Discussion in 'GPGPU Technology & Programming' started by Rys, Oct 29, 2010.

  1. Rys

    Rys Graphics @ AMD
    Moderator Veteran Alpha

    Joined:
    Oct 9, 2003
    Messages:
    4,182
    Likes Received:
    1,579
    Location:
    Beyond3D HQ
    The Tianhe-1A installation at the NSC in Tianjin is a 2.5PF (measured w/ LINPACK, peak is supposedly over 4PF) machine running Xeons, 7168 M2050s and "Fei-Teng 1000" processors. It should take #1 in the upcoming Top500 refresh, and looks to be open for almost anything, but from what I can tell it's mostly bio-med R&D and oil-gas sims so far.

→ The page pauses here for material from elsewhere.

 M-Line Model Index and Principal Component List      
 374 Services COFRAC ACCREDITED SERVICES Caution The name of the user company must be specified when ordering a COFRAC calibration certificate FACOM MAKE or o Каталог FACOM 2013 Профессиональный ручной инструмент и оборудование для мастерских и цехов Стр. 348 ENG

    It's probably a really big deal for NV due to the size. Tim, can you tell us any more?
     
  2. Tim Murray

    Tim Murray the Windom Earle of mobile SOCs
    Veteran

    Joined:
    May 25, 2003
    Messages:
    3,278
    Likes Received:
    66
    Location:
    Mountain View, CA
    7168 M2050s, custom interconnect between nodes, running a lot of software and driver code that I wrote (hooray!). I wasn't personally super involved with it, despite having my fingers in every Tesla software pie.

    Not sure how much I can actually say, but if anyone has specific questions I'll see what I can do.
     
  3. Florin

    Florin Merrily dodgy
    Veteran Subscriber

    Joined:
    Aug 27, 2003
    Messages:
    1,707
    Likes Received:
    345
    Location:
    The colonies
    According to Wikipedia:
    Congrats on being part of the foundation of such a prestigious project :)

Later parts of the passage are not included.